Si les scores de performance ECOG (Eastern Cooperative Oncology Group) ou KPS (Karnofsky Performance Score) sont très utilisés en oncologie, l’ASCO (American Society of Clinical Oncology) et le SIOG (International Society of Geriatric Oncology) recommandent de préférence le score Geriatric-8 (G8) et le VES 13. Ces derniers fournissent une indication sur la fragilité mais ne peuvent suffire pour décider des modalités de traitements ou de prise en charge de la fragilité.
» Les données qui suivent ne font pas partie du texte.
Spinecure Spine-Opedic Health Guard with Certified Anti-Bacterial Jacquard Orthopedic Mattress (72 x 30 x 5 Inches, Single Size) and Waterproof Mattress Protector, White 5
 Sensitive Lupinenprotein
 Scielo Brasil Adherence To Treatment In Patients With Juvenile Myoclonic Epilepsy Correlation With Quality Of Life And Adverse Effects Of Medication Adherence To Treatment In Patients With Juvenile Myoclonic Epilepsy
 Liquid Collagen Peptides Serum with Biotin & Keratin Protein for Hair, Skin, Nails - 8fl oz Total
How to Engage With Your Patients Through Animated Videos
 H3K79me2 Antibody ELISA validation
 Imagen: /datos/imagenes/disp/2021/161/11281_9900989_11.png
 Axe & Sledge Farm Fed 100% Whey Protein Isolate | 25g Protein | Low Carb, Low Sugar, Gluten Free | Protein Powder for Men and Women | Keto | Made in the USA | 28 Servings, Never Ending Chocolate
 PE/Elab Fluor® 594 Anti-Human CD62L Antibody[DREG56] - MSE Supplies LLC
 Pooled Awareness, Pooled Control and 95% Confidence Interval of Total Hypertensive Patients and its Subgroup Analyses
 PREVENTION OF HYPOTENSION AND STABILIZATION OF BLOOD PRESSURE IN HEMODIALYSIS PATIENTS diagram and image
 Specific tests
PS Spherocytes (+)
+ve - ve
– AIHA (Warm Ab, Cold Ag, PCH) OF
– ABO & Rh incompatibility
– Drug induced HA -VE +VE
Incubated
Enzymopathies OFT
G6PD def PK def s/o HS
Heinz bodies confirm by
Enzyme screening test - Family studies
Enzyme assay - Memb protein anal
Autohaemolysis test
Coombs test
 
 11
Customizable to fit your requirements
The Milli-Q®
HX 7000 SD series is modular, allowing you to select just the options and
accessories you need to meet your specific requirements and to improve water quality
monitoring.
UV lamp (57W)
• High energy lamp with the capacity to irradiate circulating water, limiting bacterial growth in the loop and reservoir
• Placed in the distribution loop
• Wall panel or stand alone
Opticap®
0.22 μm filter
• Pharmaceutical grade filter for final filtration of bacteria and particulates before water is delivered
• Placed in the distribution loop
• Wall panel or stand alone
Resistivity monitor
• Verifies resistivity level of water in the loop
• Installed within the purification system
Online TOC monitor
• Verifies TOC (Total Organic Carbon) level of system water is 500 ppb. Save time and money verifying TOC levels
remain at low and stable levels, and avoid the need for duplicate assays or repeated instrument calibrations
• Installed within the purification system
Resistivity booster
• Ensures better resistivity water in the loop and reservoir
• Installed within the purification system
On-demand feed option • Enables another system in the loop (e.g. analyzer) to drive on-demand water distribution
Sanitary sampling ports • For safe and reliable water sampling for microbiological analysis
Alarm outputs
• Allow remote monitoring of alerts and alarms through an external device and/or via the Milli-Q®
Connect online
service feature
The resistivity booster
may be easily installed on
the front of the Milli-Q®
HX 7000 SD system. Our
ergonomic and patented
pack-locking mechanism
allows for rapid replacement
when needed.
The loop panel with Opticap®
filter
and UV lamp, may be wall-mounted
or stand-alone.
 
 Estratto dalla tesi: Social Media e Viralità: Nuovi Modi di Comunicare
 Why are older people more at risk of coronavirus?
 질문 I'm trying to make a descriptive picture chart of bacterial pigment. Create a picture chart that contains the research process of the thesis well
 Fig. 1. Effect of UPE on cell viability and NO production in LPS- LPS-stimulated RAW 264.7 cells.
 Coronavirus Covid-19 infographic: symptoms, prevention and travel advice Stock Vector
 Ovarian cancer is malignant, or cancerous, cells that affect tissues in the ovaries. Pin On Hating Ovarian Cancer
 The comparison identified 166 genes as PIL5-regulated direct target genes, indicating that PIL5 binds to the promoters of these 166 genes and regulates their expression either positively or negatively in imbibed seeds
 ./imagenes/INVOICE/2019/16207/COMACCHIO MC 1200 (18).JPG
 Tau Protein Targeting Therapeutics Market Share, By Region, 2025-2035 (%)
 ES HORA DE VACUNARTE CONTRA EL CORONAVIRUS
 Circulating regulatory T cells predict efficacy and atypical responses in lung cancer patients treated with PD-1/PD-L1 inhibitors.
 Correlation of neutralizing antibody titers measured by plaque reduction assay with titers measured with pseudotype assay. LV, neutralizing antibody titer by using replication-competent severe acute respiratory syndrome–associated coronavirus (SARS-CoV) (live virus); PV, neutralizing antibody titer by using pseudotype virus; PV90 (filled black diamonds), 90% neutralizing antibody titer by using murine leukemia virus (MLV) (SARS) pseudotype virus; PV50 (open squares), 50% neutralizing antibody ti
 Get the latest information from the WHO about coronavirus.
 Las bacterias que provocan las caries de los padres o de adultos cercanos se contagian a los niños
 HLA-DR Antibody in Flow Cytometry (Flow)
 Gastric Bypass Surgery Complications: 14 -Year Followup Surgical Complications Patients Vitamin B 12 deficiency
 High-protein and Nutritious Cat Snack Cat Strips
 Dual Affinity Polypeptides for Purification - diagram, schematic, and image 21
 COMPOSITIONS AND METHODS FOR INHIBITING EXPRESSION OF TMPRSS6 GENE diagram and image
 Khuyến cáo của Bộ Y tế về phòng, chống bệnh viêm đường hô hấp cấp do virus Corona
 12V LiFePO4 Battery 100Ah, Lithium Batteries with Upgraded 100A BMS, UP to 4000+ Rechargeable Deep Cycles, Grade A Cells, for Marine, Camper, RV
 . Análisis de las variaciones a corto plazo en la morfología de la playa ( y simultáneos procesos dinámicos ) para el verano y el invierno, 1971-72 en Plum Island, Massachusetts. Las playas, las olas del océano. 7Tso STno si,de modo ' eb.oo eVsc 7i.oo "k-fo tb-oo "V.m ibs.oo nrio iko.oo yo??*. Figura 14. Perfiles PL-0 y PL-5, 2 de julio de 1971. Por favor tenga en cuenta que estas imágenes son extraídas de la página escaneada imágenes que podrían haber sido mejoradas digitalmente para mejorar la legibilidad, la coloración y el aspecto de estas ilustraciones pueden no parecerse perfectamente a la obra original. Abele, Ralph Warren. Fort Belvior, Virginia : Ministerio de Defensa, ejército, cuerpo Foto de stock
Les sociétés savantes recommandent donc de réaliser, dans un deuxième temps, l’évaluation gériatrique exhaustive pour les patients à partir de 65-70 ans, identifiés comme vulnérables par un premier dépistage. L’évaluation couvrira alors tous les domaines essentiels de la gériatrie. Elle peut être avantageusement complétée par les calculateurs de risque de toxicité de la chimiothérapie, comme le CARG (Cancer Aging Research Group) et le CRASH (Chemotherapy Risk Assessment Score for High Age Patients), accessibles en ligne.

Une prise en charge efficace mais un suivi à codifier

La prise en charge de la fragilité du patient atteint de cancer sera pluridisciplinaire, impliquant les infirmiers, nutritionnistes, médecins, etc. Les études ont montré que l’évaluation de la fragilité et sa prise en charge, améliorent la tolérance des traitements et leur poursuite, notamment chez les patients les plus âgés traités par chimiothérapie. Les données indiquent un nombre de sujets à traiter (NNT) se situant entre 5 et 10.

Le suivi du patient devra inclure un monitoring de la fragilité. Les scores de fragilité peuvent s’aggraver, des co-morbidités apparaître, mais peuvent aussi s’améliorer, par rémission du cancer ou par les interventions de prise en charge de la fragilité. Si les outils de dépistage de la fragilité peuvent être utilisés pour le suivi, il n’existe pas encore de recommandations précises pour la surveillance de la fragilité au fil du temps. Les auteurs de l’étude signalent l’intérêt des dispositifs connectés qui permettent désormais le suivi au jour le jour de nombreux paramètres.
 
Cette revue de la littérature souligne les points restant à préciser. Il serait par exemple intéressant de déterminer les « trajectoires de fragilité » les plus fréquentes selon les traitements, de préciser les interventions les plus efficaces pour modifier ces trajectoires, de définir les outils pour le suivi, et particulièrement l’aide que peuvent fournir les technologies connectées.

Dr Roseline Péluchon

Goede V. Frailty and Cancer: Current Perspectives on Assessment and Monitoring. Clin Interv Aging. 2023 Mar 28;18:505-521.